Random 6.8.4-2-pve kernel crashes

Der Harry · May 9, 2024

zzz09700 said:
So, basically updating to 6.8.9 crashes all those freezing and crashing?
That's easier than I thought.

Yes

- either someone downports the fixes to pve
- or upstream debian will update to a more recent kernel (and don't break it with their own "things")

Problem is fixed at least in (vanilla) >= 6.8.8, 6.8.9

Thank you Proxmox for letting me find this out. I tell my friends!

(Go an tell your customers what YOU know now!)

zzz09700 · May 9, 2024

We are doing fine. Main production servers are still in vSphere 6.7/7 as we were evaluation all sorts of "jumping the sinking Broadcom ship" solutions just before PVE 8.2 release.

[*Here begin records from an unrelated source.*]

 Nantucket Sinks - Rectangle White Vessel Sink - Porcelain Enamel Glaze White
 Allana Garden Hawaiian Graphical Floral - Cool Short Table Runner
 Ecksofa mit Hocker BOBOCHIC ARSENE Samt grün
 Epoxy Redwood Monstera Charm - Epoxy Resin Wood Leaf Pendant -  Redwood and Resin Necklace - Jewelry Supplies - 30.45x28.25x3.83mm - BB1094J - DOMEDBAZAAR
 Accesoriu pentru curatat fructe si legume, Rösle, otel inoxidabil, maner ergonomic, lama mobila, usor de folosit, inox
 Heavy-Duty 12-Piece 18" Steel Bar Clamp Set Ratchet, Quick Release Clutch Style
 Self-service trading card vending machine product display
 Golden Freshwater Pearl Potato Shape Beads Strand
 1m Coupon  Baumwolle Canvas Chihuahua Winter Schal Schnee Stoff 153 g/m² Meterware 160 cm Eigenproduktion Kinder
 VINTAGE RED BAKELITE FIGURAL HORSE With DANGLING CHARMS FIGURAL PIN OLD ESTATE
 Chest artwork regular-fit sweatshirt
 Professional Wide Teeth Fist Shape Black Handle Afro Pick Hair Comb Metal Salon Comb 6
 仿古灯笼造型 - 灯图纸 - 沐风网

A few of internal servers are all on PVE 8.1, as long as they don't update themselves it's all ok.

I'd say we really dodged one by inches this time.

Der Harry · May 9, 2024

zzz09700 said:
I'd say we really dodged one by inches this time.

You don't "need" 6.8.x at this point.

However.

If you get a 92 core EPYC - you can't wait.

It's more how the situation was handled - not a broken kernel. Even Linus hat to rollback from a Kernel he just released.

I absolutely left in the rain with a gigantic problem - and nobody cared.

zzz09700 · May 9, 2024

Der Harry said:
You don't "need" 6.8.x at this point.

However.

If you get a 92 core EPYC - you can't wait.

It's more how the situation was handled - not a broken kernel. Even Linus hat to rollback from a Kernel he just released.

I absolutely left in the rain with a gigantic problem - and nobody cared.

I don't recall any news of Linux kernel 6.5 not properly supporting high core count EPYC servers.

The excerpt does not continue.